Sandy arrived with our dinner.
We had two cheeseburgers, french fries, a shared order of fried onion rings, a side of fried cheese for Mrs. Fischer, and a dish of pepper slaw for me.
Mrs. Fischer said, “That pepper slaw would probably shock my arteries into full collapse. Are you really sure you should eat that stuff?”
“It’s my one dietary foolishness, ma’am. And less expensive than being perpetually preserved in liquid nitrogen.”
“True enough.”
After we had been eating awhile, I was only a little surprised to hear myself say, “It worries me that I’m missing something about Mr. Hitchcock.”
“Would that be the Mr. Hitchcock, dear?”
Our booth was far removed from the nearest other diners, and I felt increasingly comfortable with Mrs. Fischer because she and I seemed to be more alike than not, acutely aware of the strangeness of the world and charmed by its mysteries. I told her that I saw the spirits of the lingering dead, that they came to me for justice, if they were murdered, or for help in crossing over if they were simply afraid of what might await them on the Other Side.
She reacted as if I had said nothing more startling than that I had played baseball in high school, liked English classes, but had no aptitude for math.
“Alfred Hitchcock has been dead more than thirty years, child. Do the lingering ones hang around here that long?”
“Not always. Not usually. Though Elvis Presley lingered even longer.”
“You helped Elvis cross over?”
“Eventually, ma’am.”
“Good for you. Heath knew his mother.”
“Mr. Fischer knew Gladys Presley?”
“He thought she was the sweetest God-fearing woman. Reasonably smoothed out and partway blue. Elvis’s daddy — not so much.” She looked around the diner. “Is Alfred Hitchcock here right now?”

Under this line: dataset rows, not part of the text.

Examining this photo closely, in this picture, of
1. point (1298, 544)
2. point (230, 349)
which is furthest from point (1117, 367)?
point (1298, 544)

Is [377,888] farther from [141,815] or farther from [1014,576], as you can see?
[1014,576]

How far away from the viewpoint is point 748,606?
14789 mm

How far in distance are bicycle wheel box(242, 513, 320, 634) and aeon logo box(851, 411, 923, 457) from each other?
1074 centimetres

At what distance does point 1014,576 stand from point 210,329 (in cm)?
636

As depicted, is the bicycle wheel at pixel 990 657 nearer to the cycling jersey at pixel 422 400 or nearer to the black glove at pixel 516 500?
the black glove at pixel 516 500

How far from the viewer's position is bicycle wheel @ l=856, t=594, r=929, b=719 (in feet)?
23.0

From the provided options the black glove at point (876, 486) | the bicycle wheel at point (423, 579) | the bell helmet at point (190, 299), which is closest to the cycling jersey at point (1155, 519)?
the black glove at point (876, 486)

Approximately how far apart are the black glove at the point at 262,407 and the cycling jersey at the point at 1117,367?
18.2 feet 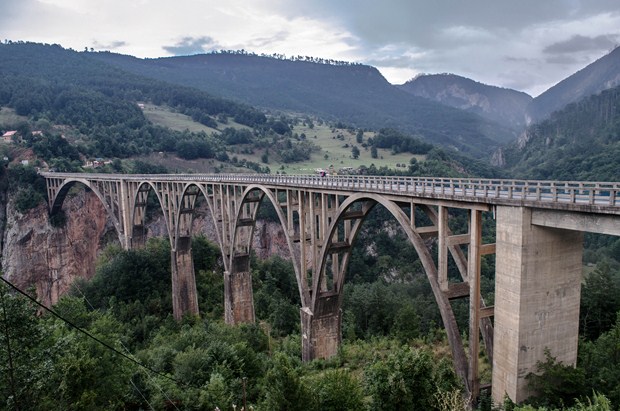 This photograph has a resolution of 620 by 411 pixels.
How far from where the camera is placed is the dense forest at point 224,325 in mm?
15953

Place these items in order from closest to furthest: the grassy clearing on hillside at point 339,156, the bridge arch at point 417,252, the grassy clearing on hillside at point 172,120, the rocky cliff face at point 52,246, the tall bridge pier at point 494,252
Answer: the tall bridge pier at point 494,252 → the bridge arch at point 417,252 → the rocky cliff face at point 52,246 → the grassy clearing on hillside at point 339,156 → the grassy clearing on hillside at point 172,120

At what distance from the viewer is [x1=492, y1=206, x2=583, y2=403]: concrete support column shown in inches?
632

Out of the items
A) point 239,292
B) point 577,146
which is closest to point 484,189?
point 239,292

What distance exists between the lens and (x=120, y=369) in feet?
64.7

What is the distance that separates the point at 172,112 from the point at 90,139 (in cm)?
6865

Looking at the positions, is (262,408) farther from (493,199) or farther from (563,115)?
(563,115)

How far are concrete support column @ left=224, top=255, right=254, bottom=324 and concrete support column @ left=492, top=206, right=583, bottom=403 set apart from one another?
2684 cm

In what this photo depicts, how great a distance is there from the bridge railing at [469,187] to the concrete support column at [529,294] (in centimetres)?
86

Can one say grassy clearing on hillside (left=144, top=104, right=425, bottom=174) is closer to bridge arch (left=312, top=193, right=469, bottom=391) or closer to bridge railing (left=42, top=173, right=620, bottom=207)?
bridge railing (left=42, top=173, right=620, bottom=207)

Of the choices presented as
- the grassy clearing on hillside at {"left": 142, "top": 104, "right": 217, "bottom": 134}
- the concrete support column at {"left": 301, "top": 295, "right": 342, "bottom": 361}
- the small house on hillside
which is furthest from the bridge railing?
the grassy clearing on hillside at {"left": 142, "top": 104, "right": 217, "bottom": 134}

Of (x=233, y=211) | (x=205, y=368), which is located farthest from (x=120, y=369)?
(x=233, y=211)

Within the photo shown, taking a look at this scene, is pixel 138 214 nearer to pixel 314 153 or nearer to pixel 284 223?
pixel 284 223

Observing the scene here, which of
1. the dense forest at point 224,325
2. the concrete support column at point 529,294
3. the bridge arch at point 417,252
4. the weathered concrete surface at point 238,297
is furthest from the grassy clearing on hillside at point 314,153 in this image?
the concrete support column at point 529,294

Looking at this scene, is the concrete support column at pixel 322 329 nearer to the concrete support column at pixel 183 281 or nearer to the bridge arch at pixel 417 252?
the bridge arch at pixel 417 252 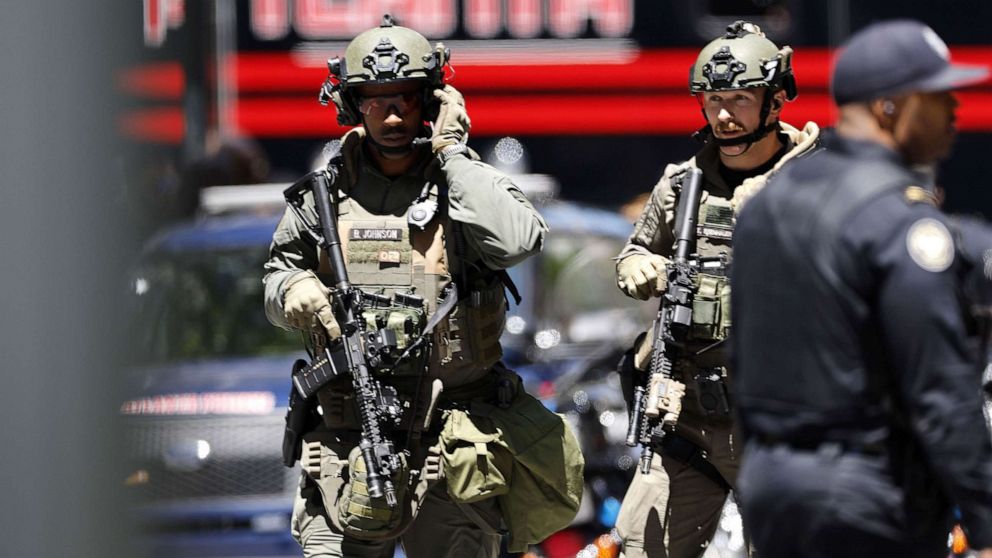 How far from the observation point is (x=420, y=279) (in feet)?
16.5

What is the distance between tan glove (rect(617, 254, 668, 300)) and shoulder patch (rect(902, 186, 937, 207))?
6.42 ft

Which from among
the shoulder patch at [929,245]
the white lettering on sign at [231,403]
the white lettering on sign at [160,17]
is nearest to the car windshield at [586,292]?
the white lettering on sign at [231,403]

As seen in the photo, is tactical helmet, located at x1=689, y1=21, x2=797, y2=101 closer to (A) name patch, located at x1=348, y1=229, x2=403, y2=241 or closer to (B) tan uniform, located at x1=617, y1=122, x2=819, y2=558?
(B) tan uniform, located at x1=617, y1=122, x2=819, y2=558

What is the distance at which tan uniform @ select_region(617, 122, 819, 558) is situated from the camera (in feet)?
17.2

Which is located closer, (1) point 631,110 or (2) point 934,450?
(2) point 934,450

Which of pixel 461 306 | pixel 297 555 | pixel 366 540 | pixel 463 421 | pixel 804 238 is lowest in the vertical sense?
pixel 297 555

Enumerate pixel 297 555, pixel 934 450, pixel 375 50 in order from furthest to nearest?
pixel 297 555
pixel 375 50
pixel 934 450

“No, ma’am. He comes and goes. He’s … different from others that have sought my help before.”
“How so?”
“For one thing, he’s very easygoing, even amused. There’s no anxiety in him.”
“Are the others anxious?”
“To one extent or another.”
“The poor dears. They don’t need to be.”
“No, ma’am. Another thing, the dead always want me to help them. But it seems more as if Mr. Hitchcock wants to help me.”
“Help you what, dear?”
“Maybe … find the rhinestone cowboy. I don’t know. I’m missing something, and that worries me.”
We ate in silence for a couple of minutes.

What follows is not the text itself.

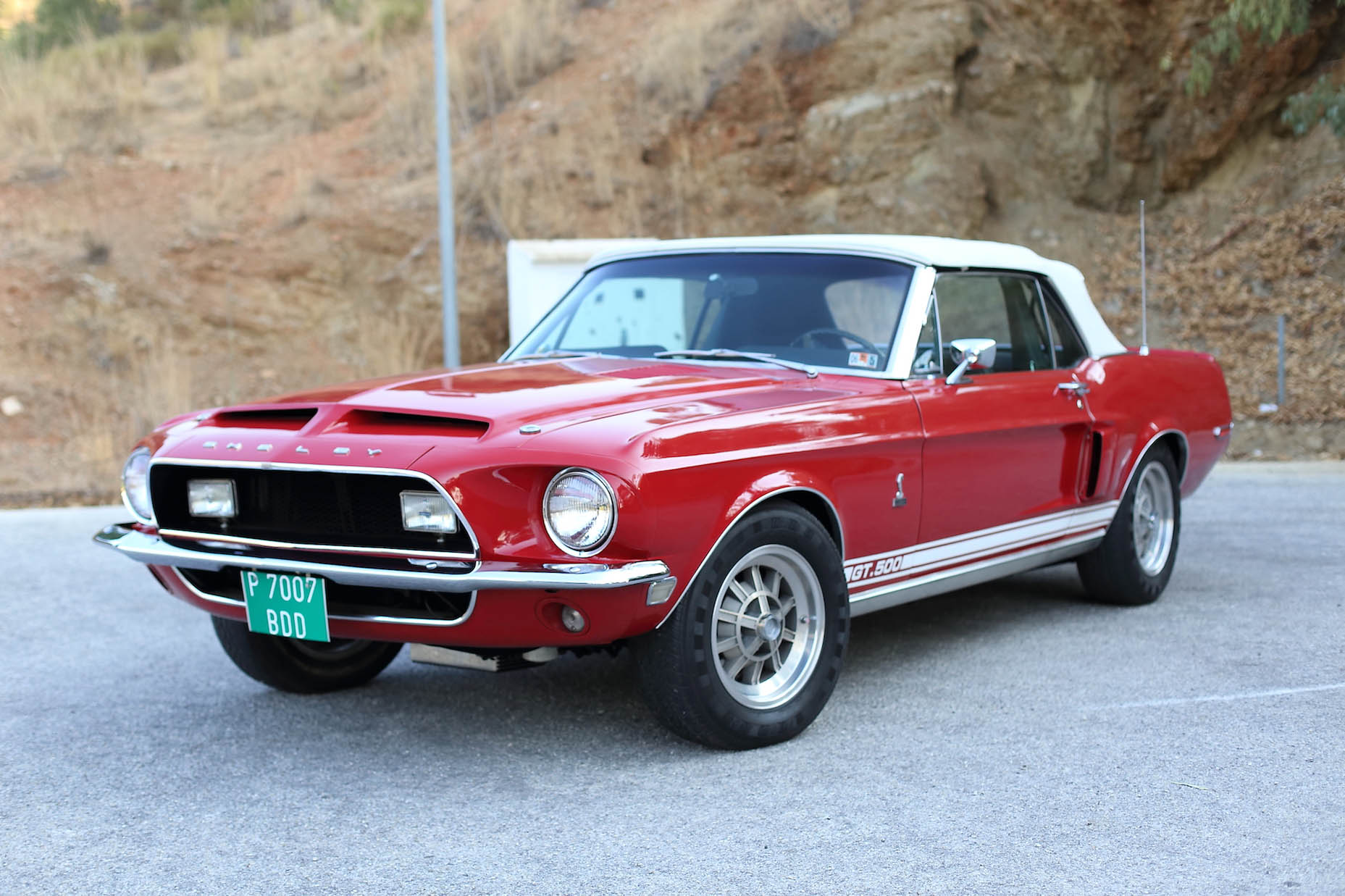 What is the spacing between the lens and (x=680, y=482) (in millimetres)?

Beyond the window, under the low gray sky, the desert day came to night through the briefest twilight.
As here in Barstow, for a couple of weeks each spring, the desert around Pico Mundo suddenly bloomed bright with heliotrope and fiddlenecks, poppies and red maids and more. I hoped that I might live to see the land around my hometown thus enraptured one more time.
I said, “You didn’t for a moment think I was crazy when I told you that I see the dead.”
“Of course not, child. The world now is crazy. You are as sane as the world once was.”
Mrs. Fischer insisted that the treat was on her, and she left a 100 percent tip in cash. With the money, she put down a business card that had no name, address, or phone number. The small white rectangle presented only one of those perfectly round iconic cartoon faces with dots for the eyes and nose, and a big arc of a smile. Instead of traditional yellow, the face was blue. And very smooth.
Carrying the check, Mrs. Fischer led me through the diner to the cashier’s station. As we arrived, Sandy finished pouring a refill for one of the customers seated at the counter, returned the coffeepot to the warmer, and took time to ring up our bill.
As the waitress and Mrs. Fischer exchanged pleasantries, I spotted the stack of flyers on the counter beside the cash register. MISSING! the headline declared. Under that, a question: HAVE YOU SEEN THESE CHILDREN?
Here they were — the three faces from my vision. Now the flyer gave me names to go with them. The eight-year-old boy was Jessie Payton, the six-year-old was his sister Jasmine, and the ten-year-old girl was Jordan.
Having noticed my interest in the flyer, Sandy said, “Makes me sick to think about it.”